Data Collection Process
Source:vignettes/articles/01-data-collection-process.Rmd
01-data-collection-process.Rmd
For most projects the data collection process can be done manually and later attache the file in a folder but that isn’t a option when we are working with big data.
To solve this problem, we have created the next script to automate the data collection process so the project could be reproduced easily just by running the code below.
Web Scraping
To always have a updated list of 2022 and 2023 links of High
Volume For-Hire Vehicles documents let’s scrape the TLC
Trip Record Data by using the rvest
library.
Downloading source page
SourcePage <-
rvest::read_html("https://www.nyc.gov/site/tlc/about/tlc-trip-record-data.page")
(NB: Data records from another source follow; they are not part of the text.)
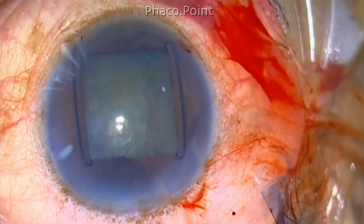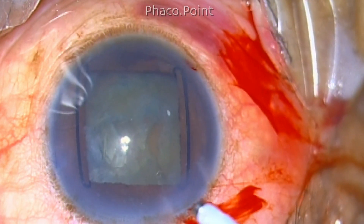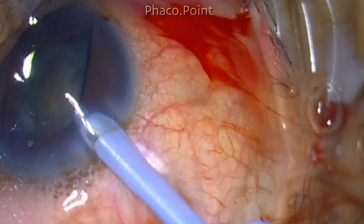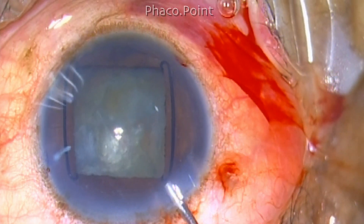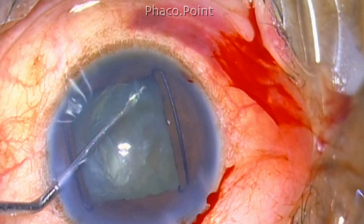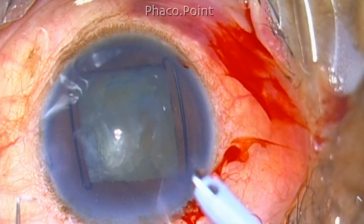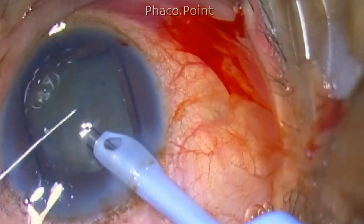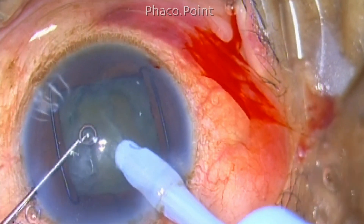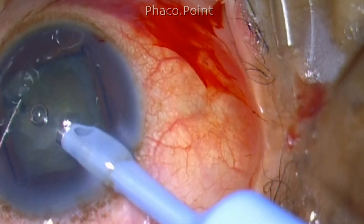Hydrodissection is performed, the nucleus rises gently, the lens is rocked, and I am getting ready to perform phaco emulsification. With a sharp-tip chopper in my left hand and the phaco probe in my right, this is a grade 3 nuclear sclerotic cataract. I am doing direct phaco chop using a power of 40% in multi-burst mode, a burst duration of 30 milliseconds, and a duty cycle of 70%.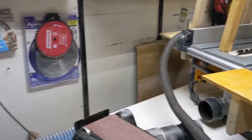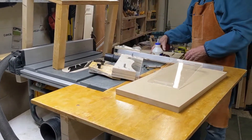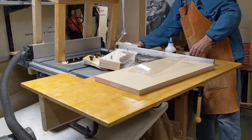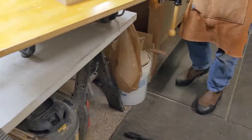What we'll do now is show you what's underneath the saw because that's part of the system as well. We'll just unplug the saw and take some of these pieces out of the way.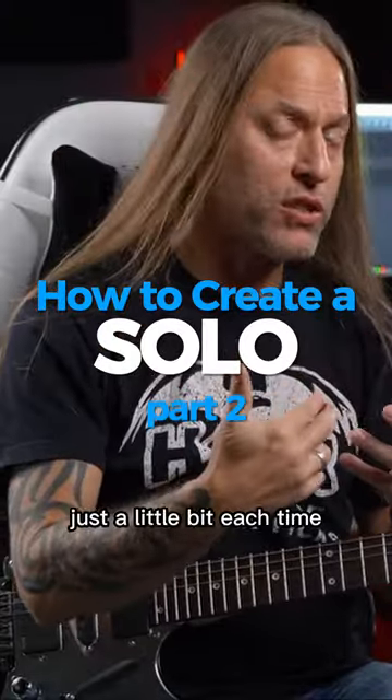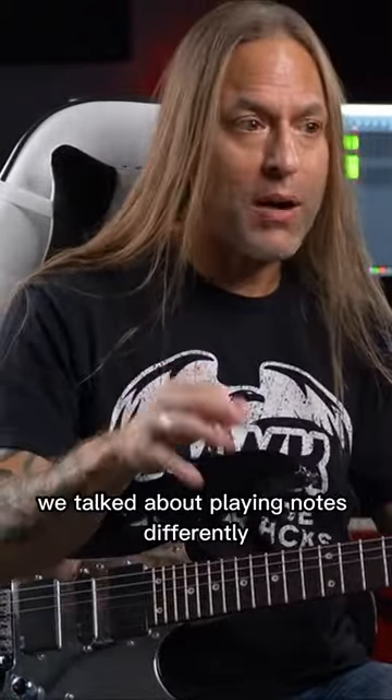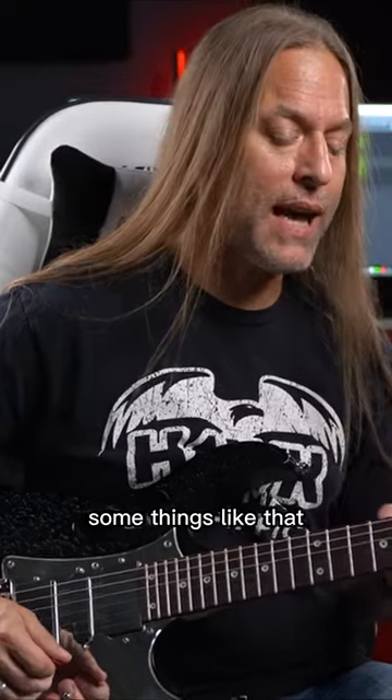Hopefully you saw how I'm building just a little bit each time. I started off just playing those notes and then started maybe moving between them a little bit. That positional thing we talked about — playing notes differently. So instead of just playing this note, I bent to it. Some things like that.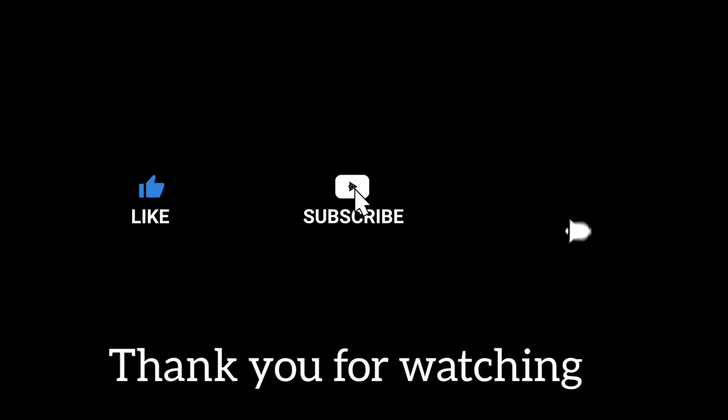And we're going to step off. Thank you for watching. Bye.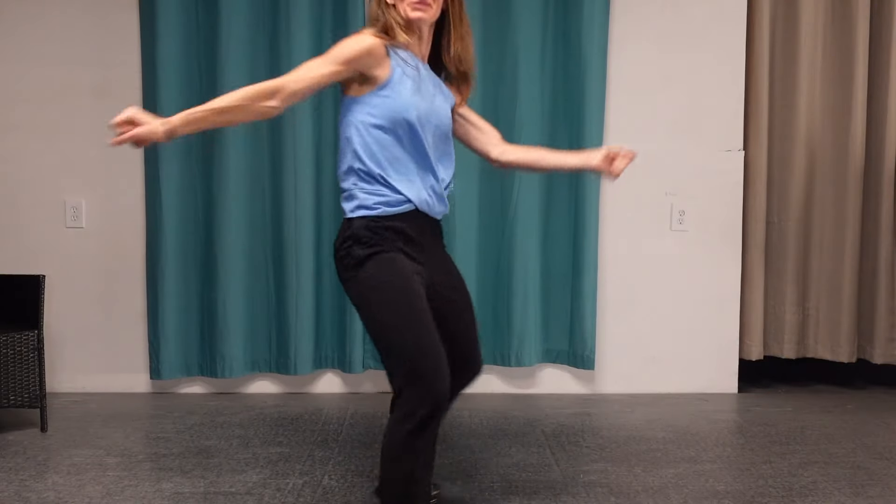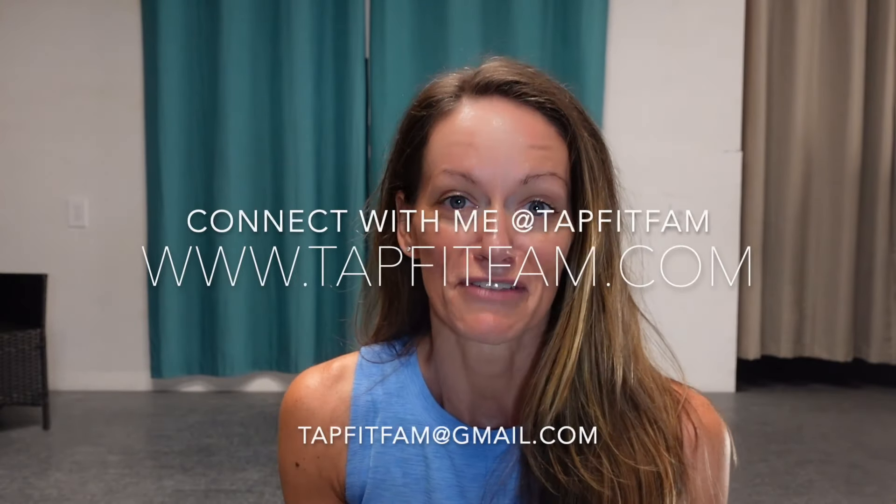I hope you have fun tap dancing. Enjoy the combination — put it to your own favorite songs. Always reach out and connect with me online. You can go to tapfitfam.com to see all the classes. I offer weekly 10-minute lessons, weekly full-length classes, online courses, and quick 14-day programs. If you're interested in finding a program for fun fitness that works your brain, your body, and boosts your overall mood, I would love to connect with you. Have a beautiful rest of your day!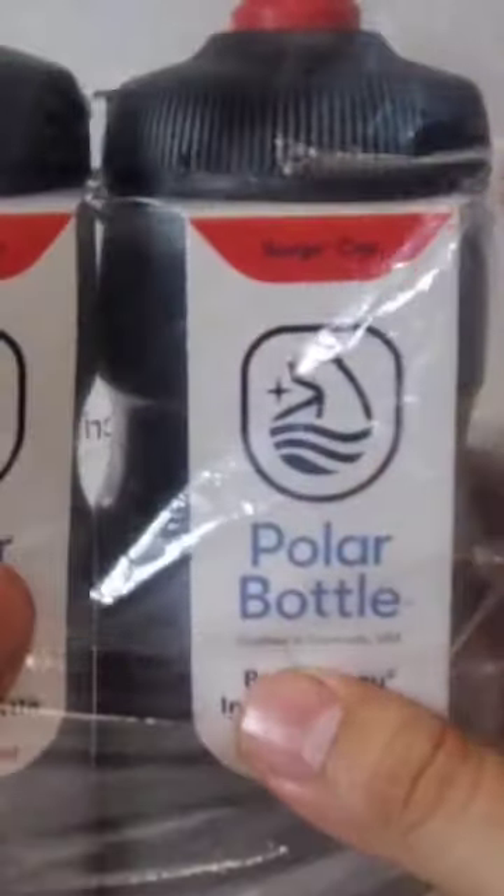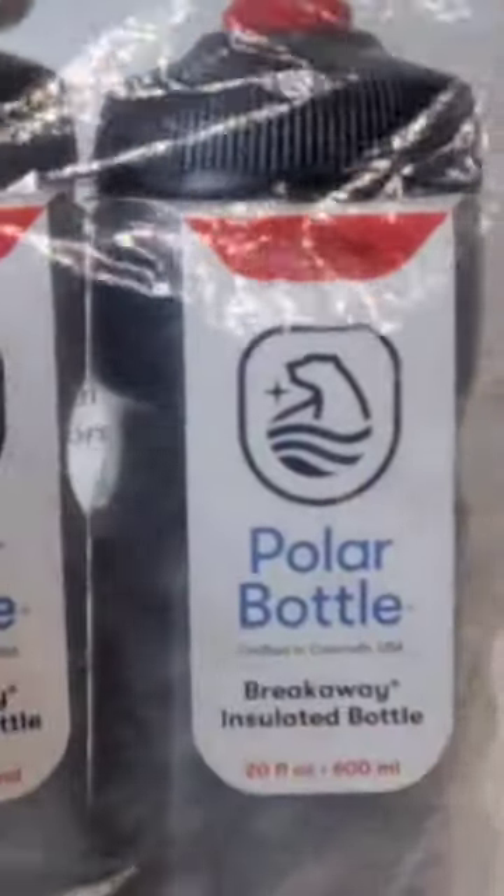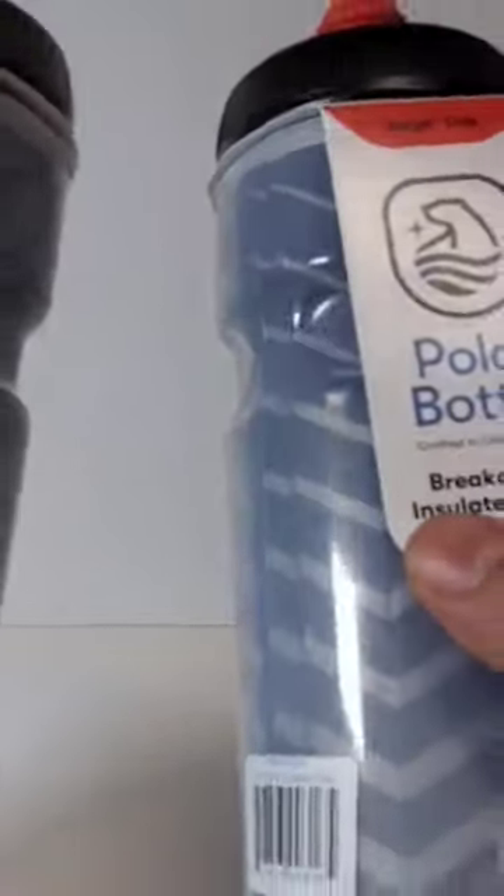Hey there, today I'm going to show you my new water bottle for my road bike that I purchased from Amazon. The price is $30, $15 each — I think it's a little bit expensive for simply a water bottle.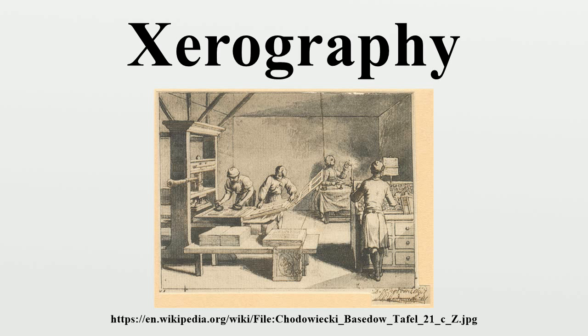The technique was originally called electrophotography. It was later renamed Xerography, from the Greek roots xeros, meaning dry, and graphia, meaning writing, to emphasize that, unlike reproduction techniques then in use such as cyanotype, this process used no liquid chemicals.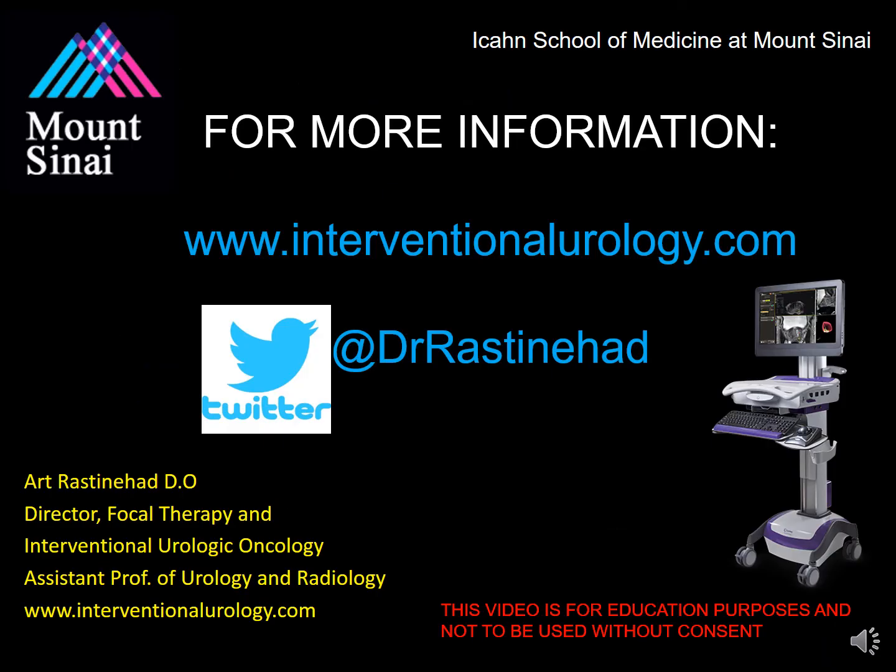Thank you so much for attending this lecture on how to perform an MRI ultrasound fusion-guided biopsy using the Uronav device. My name again was Dr. Art Rastenhad. Please feel free to contact me if you have any questions at my website or on Twitter at Dr. Art Rastenhad. Please stay tuned to our YouTube channel for updated videos and other discussions. Thank you so much for your time and I hope you enjoyed tonight's presentation.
Getting links for taxi trips
TripLinks <-
SourcePage |>
rvest::html_elements(xpath = '//div[@class="faq-answers"]//li/a') |>
rvest::html_attr("href") |>
grep(pattern = "fhvhv_[a-z]+_202[23]-\\d{2}\\.parquet", value = TRUE) |>
trimws() |>
sort()
FileNames <- basename(TripLinks)
FileNames
#> [1] "fhvhv_tripdata_2022-01.parquet" "fhvhv_tripdata_2022-02.parquet"
#> [3] "fhvhv_tripdata_2022-03.parquet" "fhvhv_tripdata_2022-04.parquet"
#> [5] "fhvhv_tripdata_2022-05.parquet" "fhvhv_tripdata_2022-06.parquet"
#> [7] "fhvhv_tripdata_2022-07.parquet" "fhvhv_tripdata_2022-08.parquet"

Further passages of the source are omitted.